Einmal erzählte mir eine Kundin, dass ein Perso­naler sich nach einem Stress­in­ter­view, in dem sie regel­recht demon­tiert worden ist, bei ihr entschul­digte. „Ich wollte das nicht, das ist Firmen­po­litik”, sagte er im Flur. So etwas ist leider keine Ausnahme.

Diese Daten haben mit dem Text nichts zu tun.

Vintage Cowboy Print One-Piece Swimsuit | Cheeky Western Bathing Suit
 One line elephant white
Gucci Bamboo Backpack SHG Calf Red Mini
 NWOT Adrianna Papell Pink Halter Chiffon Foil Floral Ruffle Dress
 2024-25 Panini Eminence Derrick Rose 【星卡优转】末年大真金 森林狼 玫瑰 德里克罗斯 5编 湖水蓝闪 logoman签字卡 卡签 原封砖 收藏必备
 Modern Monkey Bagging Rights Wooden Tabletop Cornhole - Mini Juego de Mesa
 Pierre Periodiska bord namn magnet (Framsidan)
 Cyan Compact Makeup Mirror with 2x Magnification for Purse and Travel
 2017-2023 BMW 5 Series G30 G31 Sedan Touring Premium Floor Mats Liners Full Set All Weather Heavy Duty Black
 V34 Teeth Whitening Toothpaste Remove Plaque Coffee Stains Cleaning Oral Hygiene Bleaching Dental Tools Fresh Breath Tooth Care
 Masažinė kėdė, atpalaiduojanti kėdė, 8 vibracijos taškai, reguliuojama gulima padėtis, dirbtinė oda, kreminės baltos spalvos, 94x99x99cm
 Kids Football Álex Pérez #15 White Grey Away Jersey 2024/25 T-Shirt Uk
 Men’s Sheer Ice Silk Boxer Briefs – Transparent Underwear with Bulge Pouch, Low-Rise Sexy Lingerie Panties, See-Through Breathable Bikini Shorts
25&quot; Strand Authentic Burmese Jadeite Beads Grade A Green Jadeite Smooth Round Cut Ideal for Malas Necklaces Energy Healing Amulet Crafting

Immer wieder spreche ich mit Kunden, die kreuz­un­glück­lich im Job sind, weil dieser Dinge von ihnen verlangt, die gegen persön­liche Werte und Prin­zi­pien verstoßen. „Man erwartet, dass ich blöffe – das halte ich nicht aus”. Oder. „Ich kann nur erfolg­reich sein, wenn ich die anderen austrickse und über den Tisch ziehe.“ Oft ist es nicht gegen geltendes Recht, was verlangt wird – aber gegen eigene Werte. Auch die besten Gehälter können an dem Unwohl­sein nicht ändern.  Meine These ist, dass die Zunahme frag­wür­diger Prak­tiken  eine Neben­er­schei­nung der globa­li­sierten Welt ist. Schließ­lich herr­schen überall auf dem Globus unter­schied­liche Wert­vor­stel­lungen. Und wer inter­kul­tu­rell tätig ist, einigt sich (oft) auf die kleinste Schnitt­menge gemein­samer Werte — wenn über­haupt.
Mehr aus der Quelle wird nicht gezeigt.